Some notes on Advent & addiction.

I’ve said before that David Carr’s Night of the Gun: A Reporter Investigates the Darkest Story of His Life–His Own is the best addiction memoir of the many I’ve read. So much of it rang so true to me when I read it, in late 2011, when I was locked in a terrifying and all-consuming struggle to quit drinking. The bit about how your own words ring false to yourself because you’ve heard all these broken promises before (This time I’m really about something! No, this time…), the tagline he cribs from Mailer about how lost and trapped you feel in your own life (Who could tell any more where was what? Liars controlled the locks). It’s actually one of the few addiction memoirs which is really and substantively a book about sobriety: the work and joy of a life of recovery. But I noticed that less because I had no experience to compare it to.

The book is about Carr’s attempt to report out his own life, using interviews and documentary evidence. And he finds that he misremembered a whole lot of things.
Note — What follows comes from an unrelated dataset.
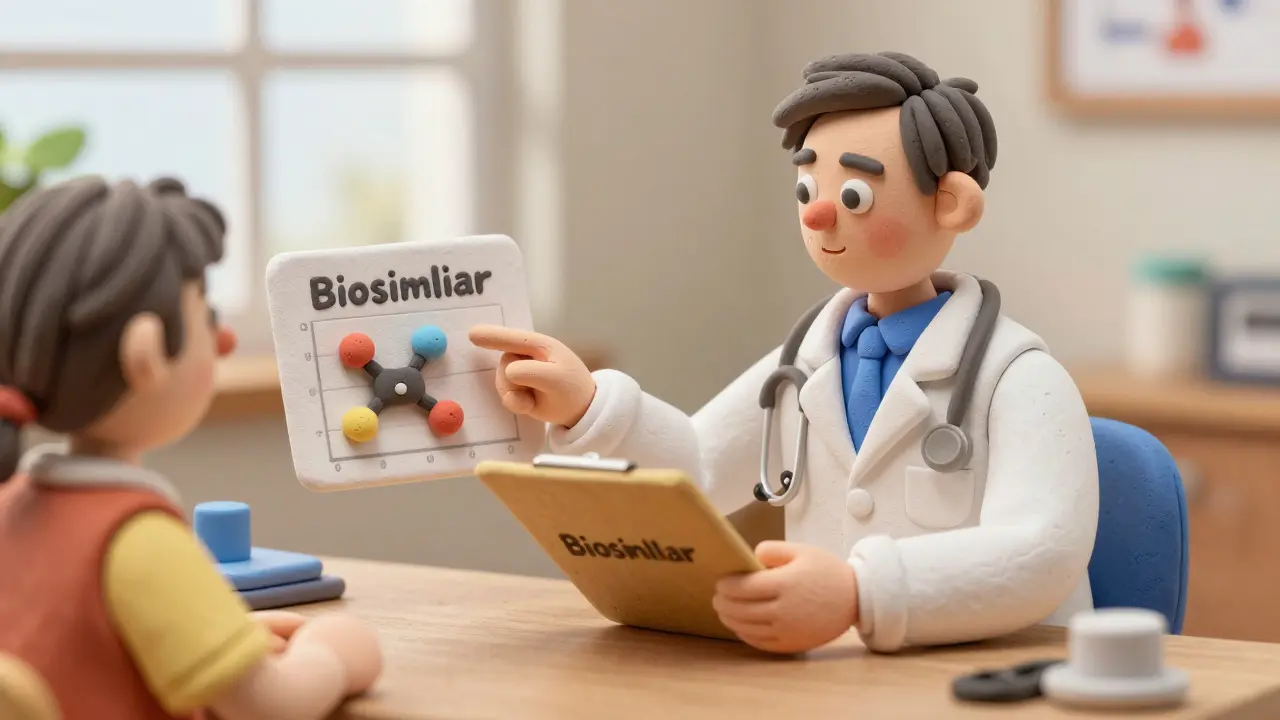 Doctor and patient discussing biosimilars with clay model molecules on the table.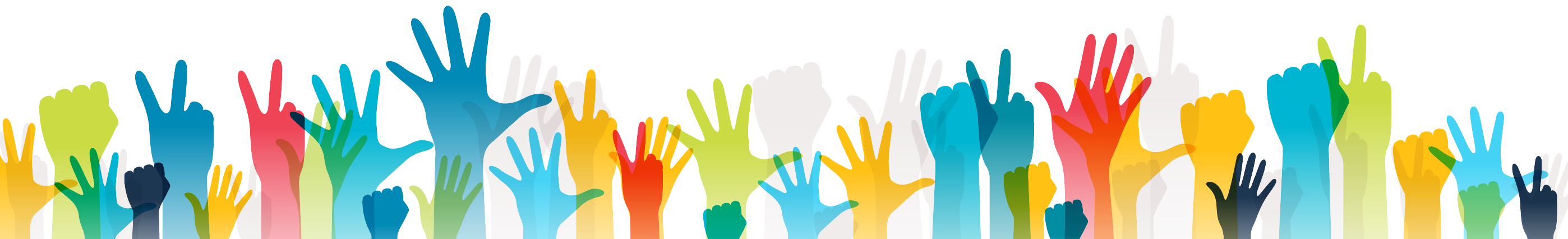 Hands up silhouettes, horizontal border. Decoration element from pink, green, yellow, and blue raised hands. Conceptual illustration for diversity and team.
He had known he was not a great dude when he was using, but he’d still painted sunshine all over his memories.

Among many other things, he accordioned time. He told himself this story where he had a really bad night, where he endangered his little children in pursuit of a hit, and it shook him up so much that he went to his parents and then to rehab, gave in and got better. But as he was piecing the past together he realized that the story couldn’t possibly have proceeded that swiftly. In fact there were–I lent out my copy so I don’t remember how many months–but two or three months, I think?, between the harrowing winter night when he left his kids in the car outside a crack house, and the final decision to seek help.

Everything in life takes much, much longer than you think you can bear.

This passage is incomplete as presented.